As you probably know, Captain Britain was born when Marvel had the big idea of giving us blokes of Englishland a character of very our own, as distinct from black and white reprints of their American comics. Chris Claremont had been born in London and grew up in the US reading imported issues of Eagle, and Herb Trimpe was apparently living in Cornwall, so I guess that seemed close enough at the time. The problem with it is that, much as I suspected, it was trying too hard.

Firstly, everything was nevertheless done in New York - according to Wikipedia - meaning the deadlines were apparently cunty, and keeping in mind this was a weekly comic produced by a company more accustomed to monthlies with different members of the creative team on different continents and the internet not yet invented; and English comic book publishing tradition necessitated stories told in instalments of seven pages at a time. It's probably a minor miracle that it's not a complete heap of crap.

While I'm sure Captain Britain may have worked as a weekly, at least for a time, these seven-page punch-ups were never intended to be read in a single sitting. The narrative is unusually compressed even by the standards of seventies Marvel, and the action is almost continuous which becomes quickly exhausting. There's even a self-conscious jokey editor's note about it somewhere around issue twenty, by which point the whole thing has begun to feel a little like Dave Smith's Captain Captured from Viz #18 and I had trouble recalling whether our boy had actually taken a five-minute breather since Merlin turned him into a stripier Captain America on that fated night back in the first pulse-pounding issue.

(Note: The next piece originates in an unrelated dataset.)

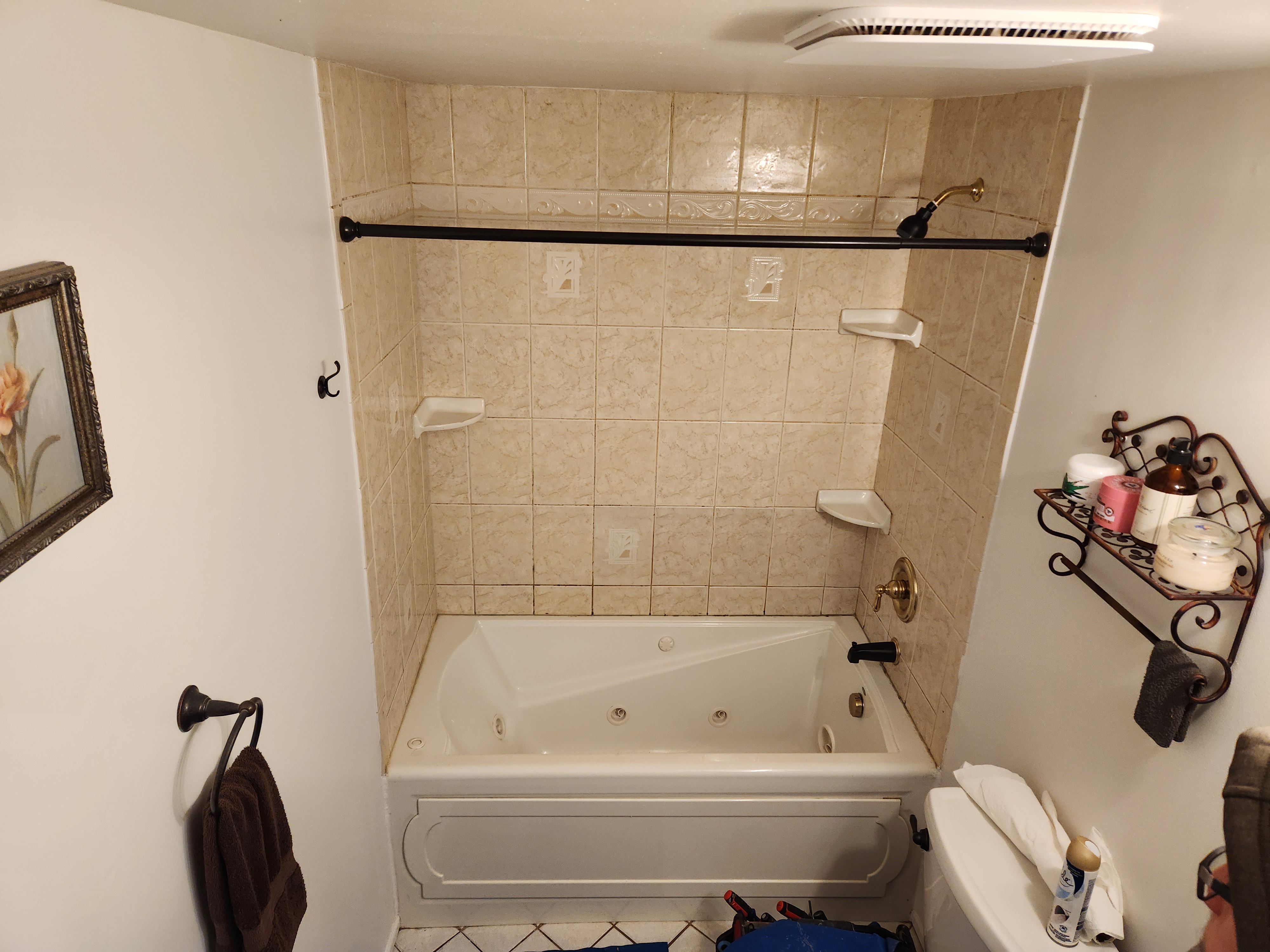 Upload BEFORE Project Images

In addition to this, a certain degree of Britface is probably inevitable given the creative team being torn as they were between delivering something recognisably in the Marvel superhero tradition whilst identifiably belonging to the country in which it was published, and hopefully without just being Spiderman with the references switched. Perhaps inevitably, it tries too hard and simply comes across as a bit weird with Britspeak delivered with an ostentatious flourish every few panels. Everyone is either a bloke or a bird and they all read the Times, even the bloomin' cabbies, and references to the pub and something called soccer come faster than a speeding lorry! Cops think about how they're not allowed to have guns during bank robberies. The battle with the Nazi-revivalist Red Skull goes on for what feels like a million issues and begins to suggest maybe someone back at the bullpen noticed all those British war comics and figured it might be one way of tapping into the market, and Red Skull quite naturally kidnaps the Prime Minister - apparently Jim Callaghan, but with a touch of Wilson and even Heath from certain angles; and of course the Queen makes a showing, having been hypnotised by the Manipulator who wants her to lead the Royal Navy into battle against the small African nation from which he was recently deposed. I mean it's nice that Marvel wanted to do something for its loyal British readers, and it is at least sincere, thus avoiding the smug cynicism of Austin Powers and the like, but it's fucking hard to read this stuff if you're actually from England and older than ten.




The actual stories are so ropey that it's weird, which is probably what saves the thing. Captain Britain's battle with Lord Hawk, for one example, makes no fucking sense whatsoever. Professor Scott was some friend of the family, a teacher who jacked it in due to students taking the piss out his Catweazle-esque appearance and outmoded views. His one pleasure was falconry except, as we all know, all of the hawks in England have been killed off by pollution - every last one. Brian - that being Captain Britain's secret identity - designs and builds Scott a radio-controlled robot hawk in the hope of cheering him up. Scott instead goes mental and roams the country as Lord Hawk somehow using his normal-sized radio-controlled bird to destroy power stations and other polluting bastions of modernity.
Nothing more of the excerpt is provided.